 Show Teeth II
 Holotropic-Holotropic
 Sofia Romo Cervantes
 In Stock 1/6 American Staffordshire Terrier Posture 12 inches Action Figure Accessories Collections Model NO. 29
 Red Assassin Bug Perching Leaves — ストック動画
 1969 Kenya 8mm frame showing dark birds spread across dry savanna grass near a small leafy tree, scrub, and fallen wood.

☆ ☆ ☆ ☆ ☆ ☆ ☆

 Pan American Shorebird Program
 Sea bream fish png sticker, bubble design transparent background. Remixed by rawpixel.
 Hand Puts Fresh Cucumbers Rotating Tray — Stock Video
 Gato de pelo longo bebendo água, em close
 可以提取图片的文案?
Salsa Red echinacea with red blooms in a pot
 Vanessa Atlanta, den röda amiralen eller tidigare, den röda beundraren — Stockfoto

☆ ☆ ☆ ☆ ☆ ☆ ☆

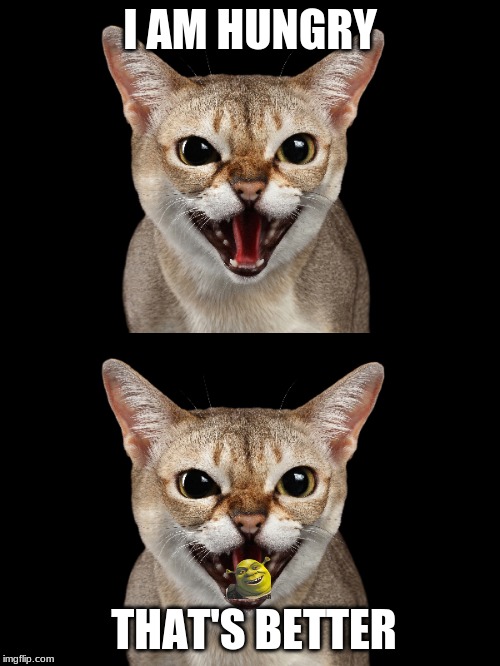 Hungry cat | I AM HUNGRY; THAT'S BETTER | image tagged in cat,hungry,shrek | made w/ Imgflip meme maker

☆ ☆ ☆ ☆ ☆ ☆ ☆

TASK DIRECTIONS =>
Beginning at the line with "In Stock 1/6" and ending at the line with "1969 Kenya 8mm", reproduce each line of the data above exactly, and add no other lines.

WORKED SOLUTION =>
 In Stock 1/6 American Staffordshire Terrier Posture 12 inches Action Figure Accessories Collections Model NO. 29
 Red Assassin Bug Perching Leaves — ストック動画
 1969 Kenya 8mm frame showing dark birds spread across dry savanna grass near a small leafy tree, scrub, and fallen wood.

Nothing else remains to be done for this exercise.